Hint: The chemical formula for the hydrazine is ${N_2}{H_4}$. One can write the schematic representation of the reaction and find out the product. While calculating the oxidation state of an atom one should calculate the surrounding atoms oxidation state which shows the central atom oxidation state which is the opposite.

Complete step by step answer:
1) First of all let's learn the concept of oxidation state where it shows the degree of oxidation of an atom in the chemical compound.
2) Now let's see the chemical reaction scheme for the reaction of ${K_2}C{r_2}{O_7}$ with hydrazine as follows,
${K_2}C{r_2}{O_7} + {N_2}{H_4} + {H_2}S{O_4} \to C{r_2}{(S{O_4})_3} + {N_2} + {K_2}S{O_4} + {H_2}O$
3) As we got the product of the reaction as $C{r_2}{(S{O_4})_3}$ and let's calculate the oxidation state of the chromium atom in the formula.

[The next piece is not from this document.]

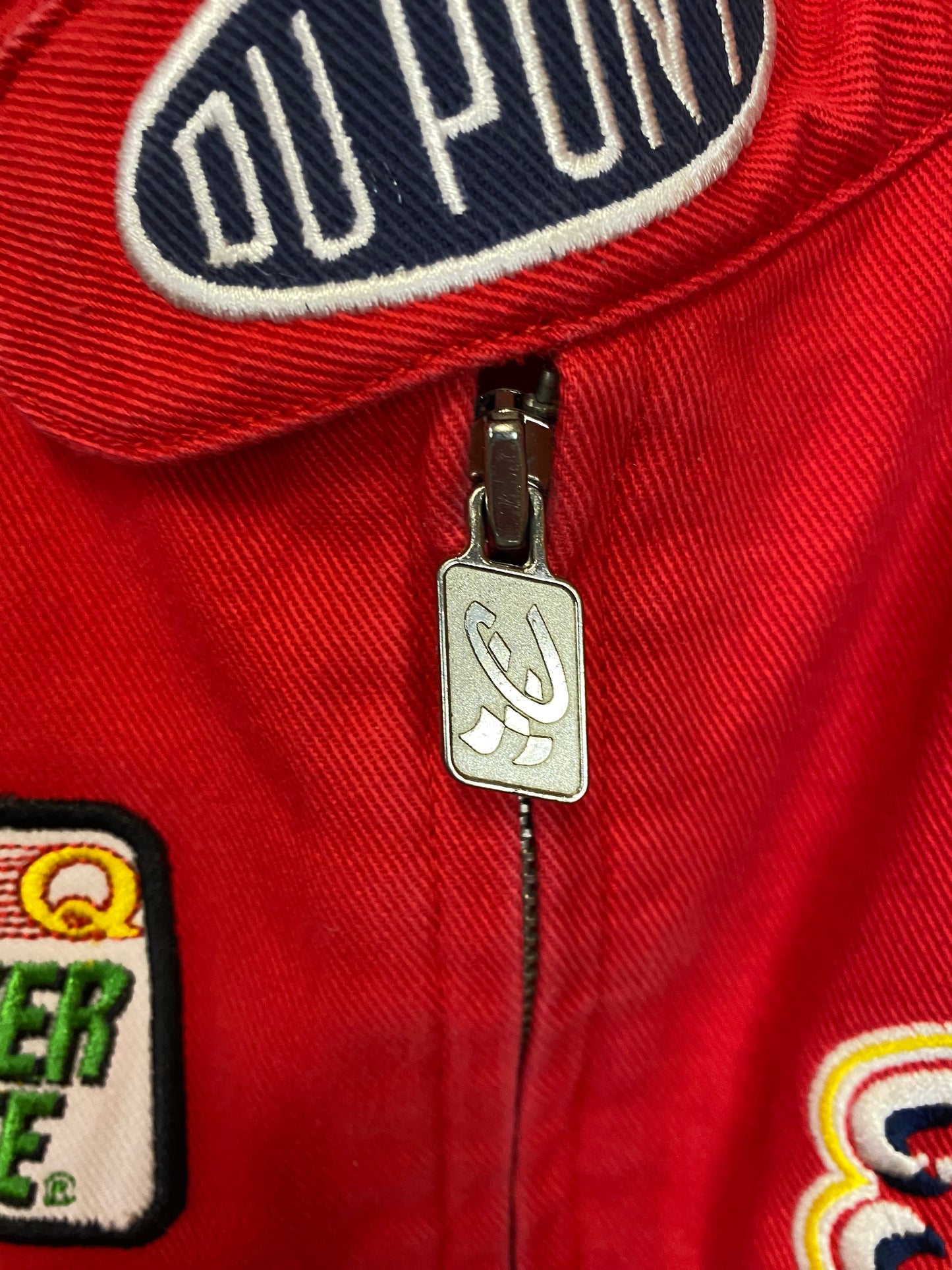 Chase Authentic Dupont Racing Jacket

4) The chemical formula $C{r_2}{(S{O_4})_3}$ has negatively charged oxygen atoms and positively charged sulfur atoms. The oxygen atom has an $ - 2$ oxidation state, the sulfur has $ + 6$ and we need the value of the oxidation state of chromium which we are considering as $x$. Let's calculate the oxidation state as follows,
Chemical formula, $C{r_2}{(S{O_4})_3}$
Let's put the values of each element in the equation to find out the oxidation state,
$2x + \left[ {\left( { + 6} \right) \times \left( 3 \right) + \left( { - 2} \right) \times \left( 4 \right) \times \left( 3 \right)} \right] = 0$
Lets first do the sum of all the numerical values in the square bracket,
$2x + ( + 18) + ( - 24) = 0$
$\Rightarrow 2x + ( - 6) = 0$
Now, let's take the value of $2x$ on one side,
$2x = + 6$
The negative sign changes to positive after changing the side,
$x = \dfrac{{ + 6}}{2}$
$\Rightarrow x = + 3$
Oxidation state $ = + 3$
Therefore, the oxidation state of the chromium atom in the product $C{r_2}{(S{O_4})_3}$ is $ + 3$ which shows option B as the correct choice.

Note:
The oxidation state of an element is the hypothetical charge that an atom would possess if all the bonds to atoms of different elements were completely ionic. The oxidation state of an element is generally represented by an integer value which can be positive, negative, or zero. The sum of the oxidation state of all the elements present in the chemical formula is equal to the charge present on that chemical formula. If there is no charge then it is taken as zero.